## [WHAT THE TASK REQUIRES]
Of the entries below, return exactly those lines that fall between the one containing "Gaming Couple Metal" and the one containing "BRAINMD Dr Amen", the two end lines included.

## [ENTRIES PROVIDED]
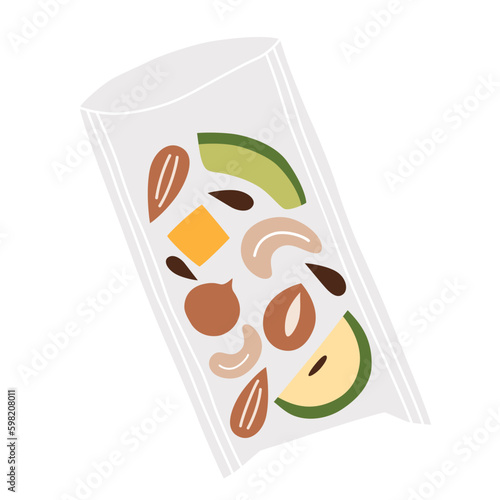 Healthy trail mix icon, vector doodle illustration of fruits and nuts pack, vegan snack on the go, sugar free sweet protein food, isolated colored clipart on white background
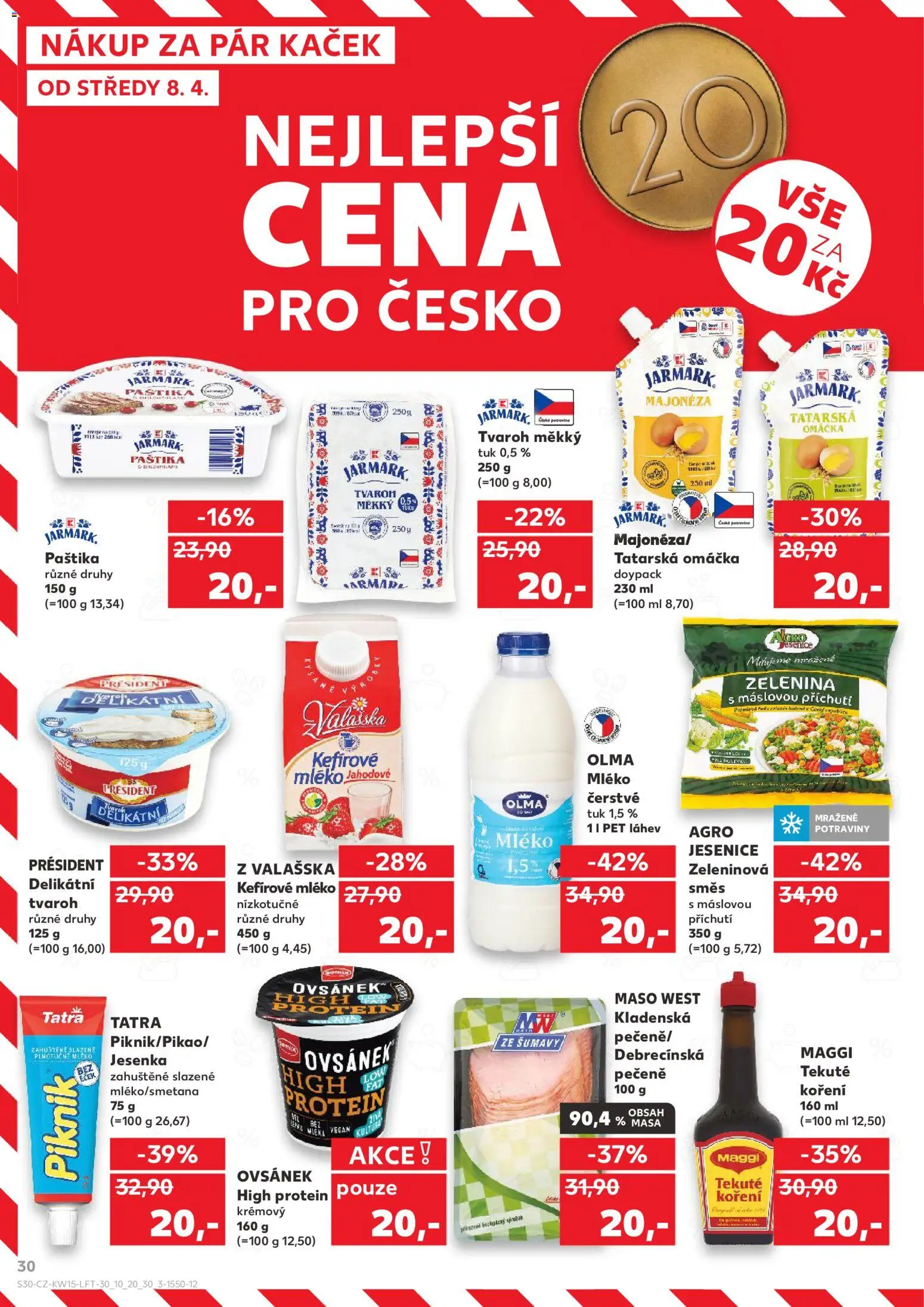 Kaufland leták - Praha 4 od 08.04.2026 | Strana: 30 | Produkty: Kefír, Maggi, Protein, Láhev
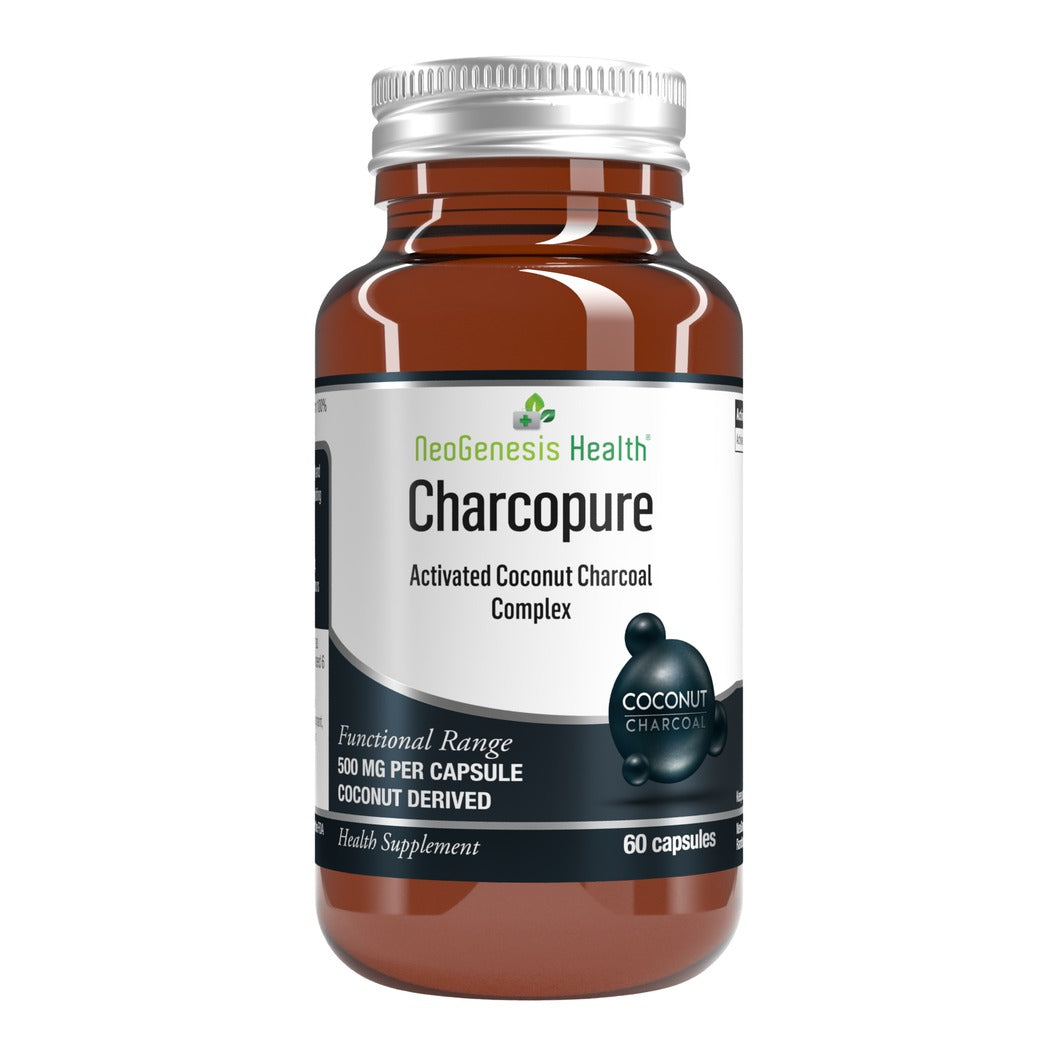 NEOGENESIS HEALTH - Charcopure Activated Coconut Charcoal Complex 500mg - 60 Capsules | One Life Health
---
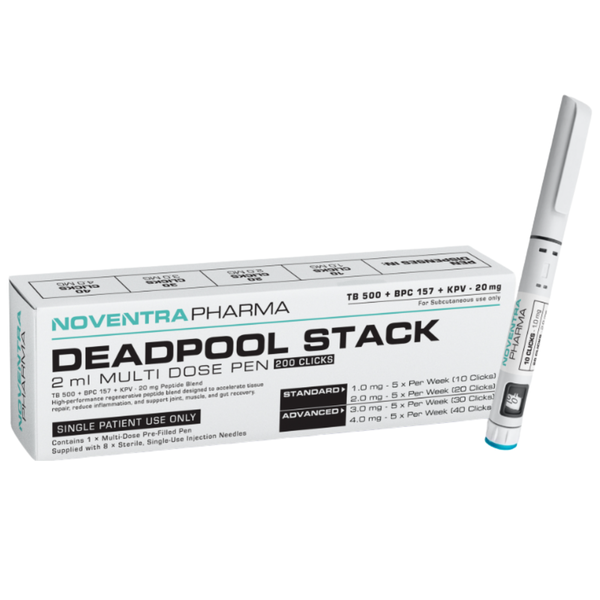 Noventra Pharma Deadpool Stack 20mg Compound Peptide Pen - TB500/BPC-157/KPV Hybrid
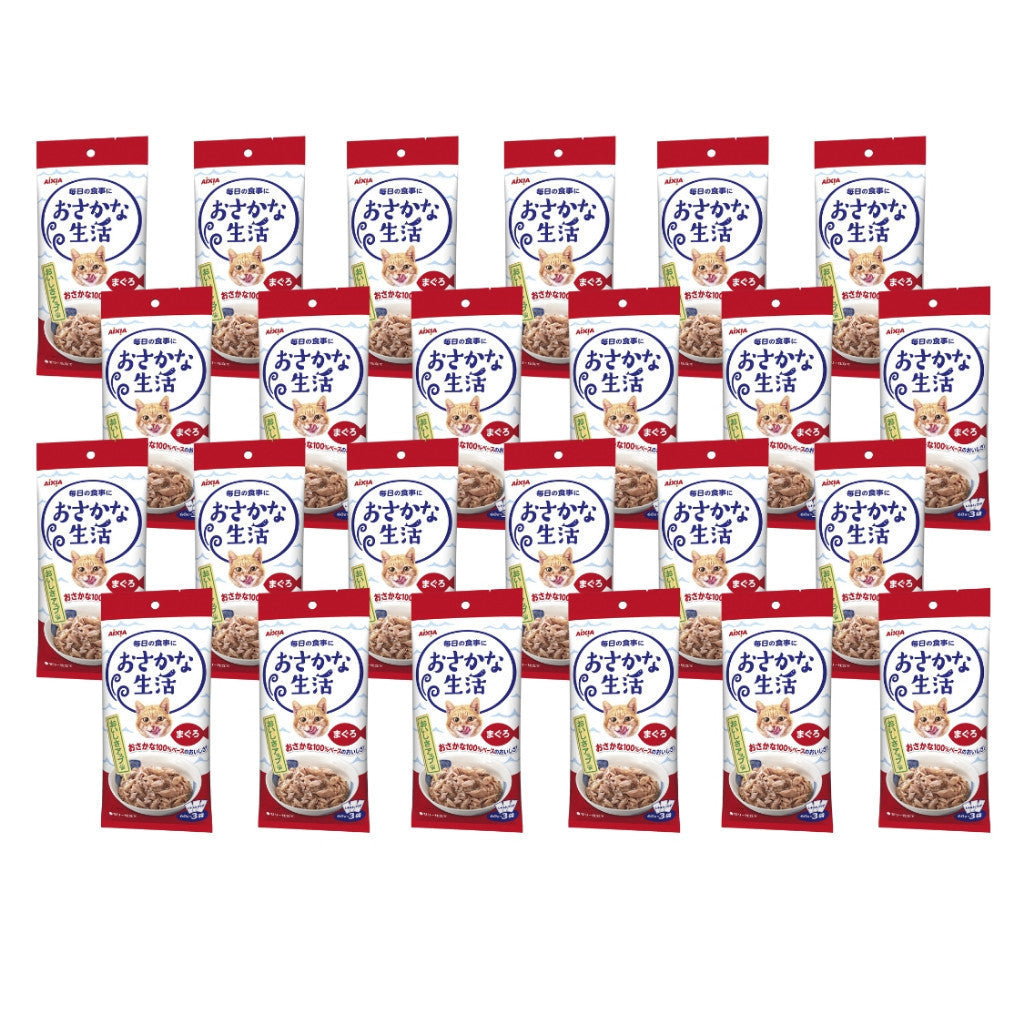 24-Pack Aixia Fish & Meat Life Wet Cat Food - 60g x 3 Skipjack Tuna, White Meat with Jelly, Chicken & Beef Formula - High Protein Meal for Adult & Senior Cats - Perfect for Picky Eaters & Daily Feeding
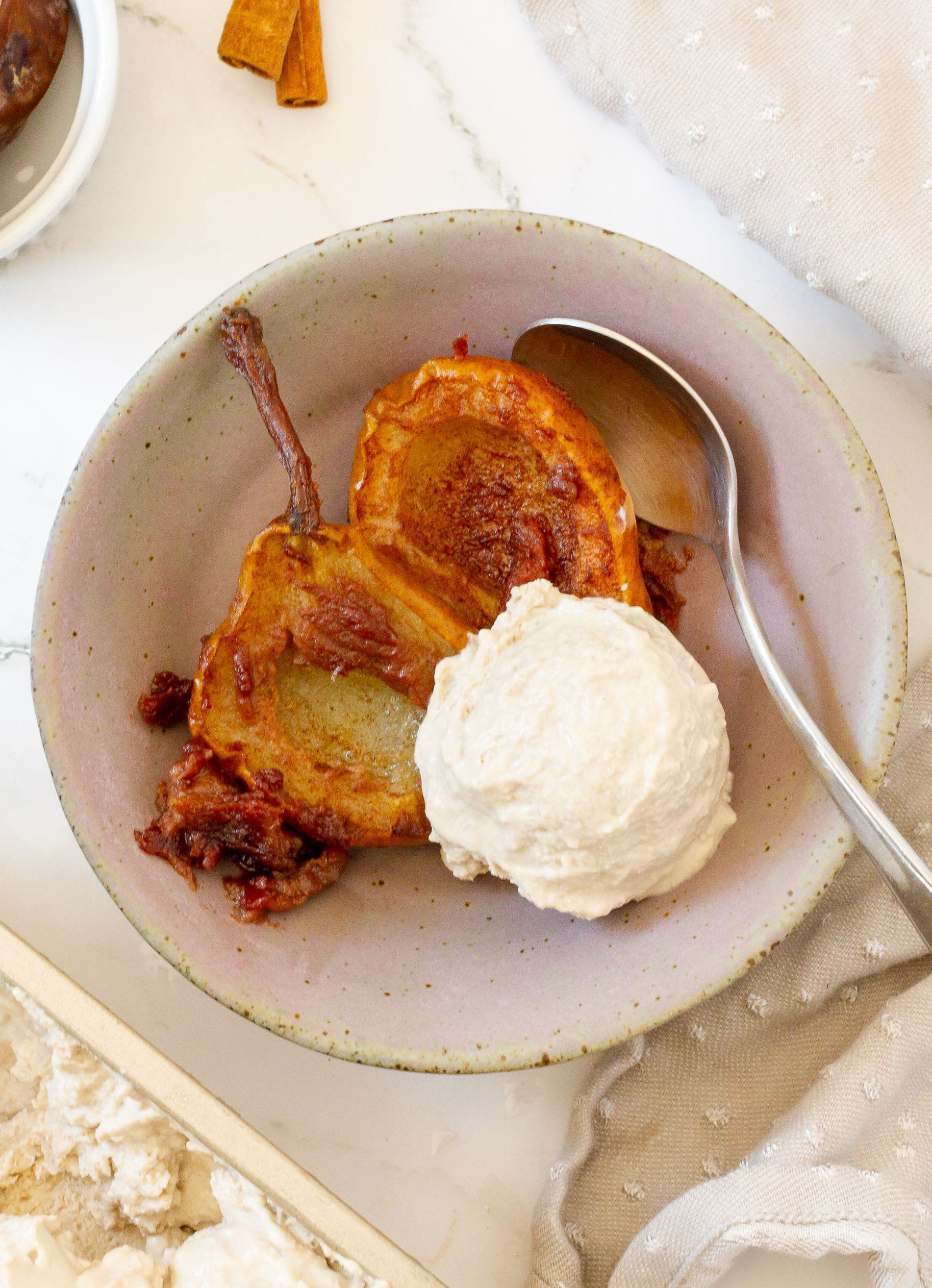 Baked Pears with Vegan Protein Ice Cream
...
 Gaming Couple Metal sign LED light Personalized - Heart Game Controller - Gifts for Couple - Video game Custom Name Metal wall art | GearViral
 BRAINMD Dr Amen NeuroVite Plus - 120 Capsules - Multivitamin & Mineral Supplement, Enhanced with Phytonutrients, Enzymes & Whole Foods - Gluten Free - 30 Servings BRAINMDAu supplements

## [SOLUTION FOR THIS TASK]
 Gaming Couple Metal sign LED light Personalized - Heart Game Controller - Gifts for Couple - Video game Custom Name Metal wall art | GearViral
 BRAINMD Dr Amen NeuroVite Plus - 120 Capsules - Multivitamin & Mineral Supplement, Enhanced with Phytonutrients, Enzymes & Whole Foods - Gluten Free - 30 Servings BRAINMDAu supplements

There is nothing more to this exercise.